Como diz a canção, “[...]Quando eu te encarei frente a frente não vi o meu rosto / Chamei de mau gosto o que vi, de mau gosto, mau gosto / É que Narciso acha feio o que não é espelho [...]” 3. E na contemporaneidade é assim. Todo mundo quer o belo, quer ser livre, quer escolher, quer ver satisfeitas, plena e absolutamente, todas as vontades; sobretudo, aquelas pelas quais se pode pagar. Então, se eu compro o lugar mais bonito, eu escolho quem pode viver lá ou não. Nenhum argumento, por mais forte ou humanitário que seja, abala a minha decisão.  Se eu pago para me desfazer do meu lixo, dessa ou daquela maneira, não importam as leis, as regras, o planeta, o meio ambiente, ou os outros. O meu poder capital sugere que eu estou no meu direito de fazê-lo.
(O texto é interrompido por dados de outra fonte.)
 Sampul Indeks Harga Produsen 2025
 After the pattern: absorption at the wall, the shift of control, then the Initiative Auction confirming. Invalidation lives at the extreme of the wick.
Portanto, é sobre essa distorção que é fundamental refletir, ou seja, quando o ser humano se aproxima do ápice do materialismo, quando ele se coloca na própria condição de ser objetificado. Sim, porque “Apesar da vida humana não ter preço, agimos sempre como se certas coisas superassem o valor da vida humana” (Antoine de Saint-Exupéry).  Talvez, por isso, é que Cecília Meireles escreveu “É preciso amar as pessoas e usar as coisas e não amar as coisas e usar as pessoas”. Mas, para isso, se torna fundamental compreender que “A principal tarefa da educação moderna não é somente alfabetizar, mas humanizar criaturas” (Cecília Meireles).